Still though, I can’t help but be a little disappointed. Instead of these new costume packs, couldn’t we have just gotten new leaders? From Washington to Lincoln to Kennedy, there are plenty of US Presidents who could have been added. (Or non-presidents! Get me Ben Franklin!) France has existed for centuries. We could have gotten a Louis or Napoleon or Charles de Gaulle or Queen Adelaide or Joan of Arc. I feel bad for knocking a creative new feature, but it seems so much less fun than the more obvious addition.

Eye in the Pyramid

On the other hand, I love the new secret societies. This is a new “game mode” like the Apocalypse Mode added in the last update. What’s cool is that all these modes add new gameplay dynamics, and that they can independently be checked or unchecked. That means you can mix and match Apocalypse and Secret Societies, and as they add more Modes, that’s more rule variants. As with Apocalypse Mode, Secret Societies seems to be a little bit more supernatural-flavored than your typical game of civ.

Each of the societies gives you potential bonuses, unlocked using governor points. The bonuses are unique according to the society, which include a Cthulhu worshiping cult, a wise Roman myth conspiracy, a society of alchemists, and straight up vampires. The alchemists are a lot of fun, showing you ley lines on the map which you can exploit for district adjacency bonuses. That’s cool!

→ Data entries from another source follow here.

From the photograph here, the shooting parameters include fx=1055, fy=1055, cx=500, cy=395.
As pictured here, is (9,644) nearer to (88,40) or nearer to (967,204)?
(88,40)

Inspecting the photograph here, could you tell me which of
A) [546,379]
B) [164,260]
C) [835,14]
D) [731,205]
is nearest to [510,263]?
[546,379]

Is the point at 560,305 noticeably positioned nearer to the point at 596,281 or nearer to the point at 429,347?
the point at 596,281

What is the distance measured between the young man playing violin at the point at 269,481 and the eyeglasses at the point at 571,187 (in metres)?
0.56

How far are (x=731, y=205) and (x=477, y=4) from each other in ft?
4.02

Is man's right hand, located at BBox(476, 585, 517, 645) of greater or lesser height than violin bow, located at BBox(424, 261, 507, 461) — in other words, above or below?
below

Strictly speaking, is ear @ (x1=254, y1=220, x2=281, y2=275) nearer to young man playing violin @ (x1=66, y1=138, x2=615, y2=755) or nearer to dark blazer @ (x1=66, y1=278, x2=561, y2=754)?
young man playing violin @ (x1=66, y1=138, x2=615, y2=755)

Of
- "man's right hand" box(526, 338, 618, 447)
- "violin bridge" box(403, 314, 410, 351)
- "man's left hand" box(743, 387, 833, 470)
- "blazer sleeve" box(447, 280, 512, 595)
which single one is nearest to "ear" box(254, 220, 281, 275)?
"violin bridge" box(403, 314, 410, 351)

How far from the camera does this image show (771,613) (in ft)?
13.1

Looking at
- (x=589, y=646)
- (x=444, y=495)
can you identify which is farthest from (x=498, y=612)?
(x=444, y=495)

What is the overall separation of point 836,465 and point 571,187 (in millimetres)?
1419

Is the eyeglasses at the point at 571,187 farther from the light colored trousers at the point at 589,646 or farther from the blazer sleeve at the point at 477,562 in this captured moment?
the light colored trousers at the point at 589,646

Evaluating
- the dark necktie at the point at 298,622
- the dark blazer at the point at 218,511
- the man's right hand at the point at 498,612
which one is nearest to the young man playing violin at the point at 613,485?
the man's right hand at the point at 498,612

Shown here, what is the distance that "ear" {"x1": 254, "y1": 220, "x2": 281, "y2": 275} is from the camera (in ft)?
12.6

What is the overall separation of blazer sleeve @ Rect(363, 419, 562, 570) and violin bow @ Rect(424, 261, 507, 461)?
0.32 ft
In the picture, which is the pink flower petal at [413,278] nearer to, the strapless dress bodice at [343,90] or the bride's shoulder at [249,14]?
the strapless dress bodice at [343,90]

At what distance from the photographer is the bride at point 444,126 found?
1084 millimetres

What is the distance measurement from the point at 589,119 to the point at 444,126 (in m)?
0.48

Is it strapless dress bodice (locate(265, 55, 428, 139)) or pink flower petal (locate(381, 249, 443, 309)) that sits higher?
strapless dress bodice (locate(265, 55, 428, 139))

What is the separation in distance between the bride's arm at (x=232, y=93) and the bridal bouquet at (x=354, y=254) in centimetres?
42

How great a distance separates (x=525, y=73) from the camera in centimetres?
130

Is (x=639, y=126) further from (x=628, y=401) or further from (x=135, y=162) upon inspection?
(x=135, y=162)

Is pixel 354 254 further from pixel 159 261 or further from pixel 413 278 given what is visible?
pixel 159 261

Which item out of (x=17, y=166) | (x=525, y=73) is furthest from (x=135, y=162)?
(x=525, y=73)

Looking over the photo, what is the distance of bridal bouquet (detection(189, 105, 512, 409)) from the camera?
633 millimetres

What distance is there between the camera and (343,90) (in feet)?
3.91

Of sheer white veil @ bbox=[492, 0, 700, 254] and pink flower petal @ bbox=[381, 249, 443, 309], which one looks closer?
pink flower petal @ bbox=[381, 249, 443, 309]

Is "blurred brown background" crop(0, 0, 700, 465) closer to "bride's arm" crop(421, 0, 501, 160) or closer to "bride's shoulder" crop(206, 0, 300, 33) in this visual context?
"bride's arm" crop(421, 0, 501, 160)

If you had asked me if I wanted Civ to get a little more magical and mystical, I would have told you no. But I’m really happy with these modes so far. The magic lies just under the surface, so you don’t feel that its overwhelming the march of history. Plus, these modes can be individually toggled so you can decide which you like, and which are ruining your experience. I love Secret Societies though! It adds another wrinkle in the governor and diplomacy systems, two areas of the game I thought could use a little bit more complexity.

A Place For Your Embassy

Finally, we need to talk about the Diplomatic Quarter. A new district, the Diplomatic Quarter is now the main structure you have for pursuing a diplomatic victory. At first you get envoys and culture, but after a few upgrades, it will generate diplomatic favor all on its own, which is great. Anything that allows you to take more active control of the pursuit of victory is a good change in my book. But that’s not the benefit I was most grateful for.

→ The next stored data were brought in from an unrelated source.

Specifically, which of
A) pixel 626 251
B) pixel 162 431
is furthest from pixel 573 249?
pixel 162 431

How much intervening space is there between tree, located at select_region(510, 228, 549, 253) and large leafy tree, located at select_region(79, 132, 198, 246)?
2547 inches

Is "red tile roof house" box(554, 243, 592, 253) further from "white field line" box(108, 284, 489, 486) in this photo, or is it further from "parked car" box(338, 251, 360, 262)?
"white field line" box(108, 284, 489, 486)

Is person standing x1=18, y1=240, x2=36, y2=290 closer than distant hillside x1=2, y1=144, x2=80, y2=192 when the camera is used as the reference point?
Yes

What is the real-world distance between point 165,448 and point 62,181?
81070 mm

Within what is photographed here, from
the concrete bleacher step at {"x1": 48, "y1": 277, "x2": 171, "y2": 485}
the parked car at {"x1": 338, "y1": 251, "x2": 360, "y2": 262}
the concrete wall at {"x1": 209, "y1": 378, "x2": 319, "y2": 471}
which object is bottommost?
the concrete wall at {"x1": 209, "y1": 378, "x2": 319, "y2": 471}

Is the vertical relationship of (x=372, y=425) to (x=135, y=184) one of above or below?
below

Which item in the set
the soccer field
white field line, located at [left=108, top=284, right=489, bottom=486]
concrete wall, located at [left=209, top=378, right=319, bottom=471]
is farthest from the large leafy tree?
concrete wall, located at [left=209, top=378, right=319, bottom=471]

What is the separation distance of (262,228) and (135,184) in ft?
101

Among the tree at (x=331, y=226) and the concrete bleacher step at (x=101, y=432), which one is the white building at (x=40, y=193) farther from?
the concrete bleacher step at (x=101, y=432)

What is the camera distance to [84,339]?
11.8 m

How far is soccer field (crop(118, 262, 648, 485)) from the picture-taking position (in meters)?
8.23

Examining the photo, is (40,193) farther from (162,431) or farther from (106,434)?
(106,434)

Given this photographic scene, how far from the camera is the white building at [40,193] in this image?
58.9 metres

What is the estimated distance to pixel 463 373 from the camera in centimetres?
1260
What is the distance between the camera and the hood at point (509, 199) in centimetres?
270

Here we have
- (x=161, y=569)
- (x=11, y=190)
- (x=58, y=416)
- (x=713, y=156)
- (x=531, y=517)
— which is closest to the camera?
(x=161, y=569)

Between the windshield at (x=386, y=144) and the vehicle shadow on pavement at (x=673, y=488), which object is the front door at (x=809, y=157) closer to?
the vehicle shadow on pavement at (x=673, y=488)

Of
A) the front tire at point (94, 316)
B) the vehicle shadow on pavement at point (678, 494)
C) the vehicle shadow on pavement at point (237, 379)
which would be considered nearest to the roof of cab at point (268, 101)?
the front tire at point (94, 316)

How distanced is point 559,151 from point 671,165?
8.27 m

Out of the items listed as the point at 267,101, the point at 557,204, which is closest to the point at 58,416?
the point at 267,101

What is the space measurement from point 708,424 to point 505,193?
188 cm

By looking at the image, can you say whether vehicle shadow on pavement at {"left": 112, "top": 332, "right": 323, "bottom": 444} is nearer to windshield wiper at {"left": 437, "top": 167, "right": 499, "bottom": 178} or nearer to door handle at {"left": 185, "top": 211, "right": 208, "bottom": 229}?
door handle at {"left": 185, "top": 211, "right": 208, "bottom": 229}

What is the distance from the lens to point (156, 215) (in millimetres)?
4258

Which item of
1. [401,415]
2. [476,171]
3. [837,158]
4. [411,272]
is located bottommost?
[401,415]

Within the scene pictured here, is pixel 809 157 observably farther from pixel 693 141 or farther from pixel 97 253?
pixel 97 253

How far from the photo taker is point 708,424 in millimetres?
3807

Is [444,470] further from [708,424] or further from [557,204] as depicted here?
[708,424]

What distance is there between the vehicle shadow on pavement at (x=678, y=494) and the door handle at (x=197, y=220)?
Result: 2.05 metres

No, the Diplomatic Quarter finally, finally gives you a more viable path to counter espionage. Sure in the past you could use your spies to randomly hunt for other spies. But now there’s an entire new set of dynamics that determine whether spy missions will be successes or failures, and you can lightly opt-out of the spy game altogether with the right combination of buildings. In my most successful games, the biggest nuisance is the frequency with which the AI completes the “raise partisans” mission. My culture civ becomes plagued by random tanks burning down my farms. Anything that allows me to mitigate that makes my game more playable indeed!

In my look at the last New Frontier pack, I said that Civilization 6 is working hard to become the best version of itself. After a second installment, this is even closer to the truth. While the Personas are a forgettable addition, secret societies are a ton of fun. Combine that with the Diplomatic Quarter and some small balance changes, and you may start to get greedy. With strong updates like these, I want a new one every week!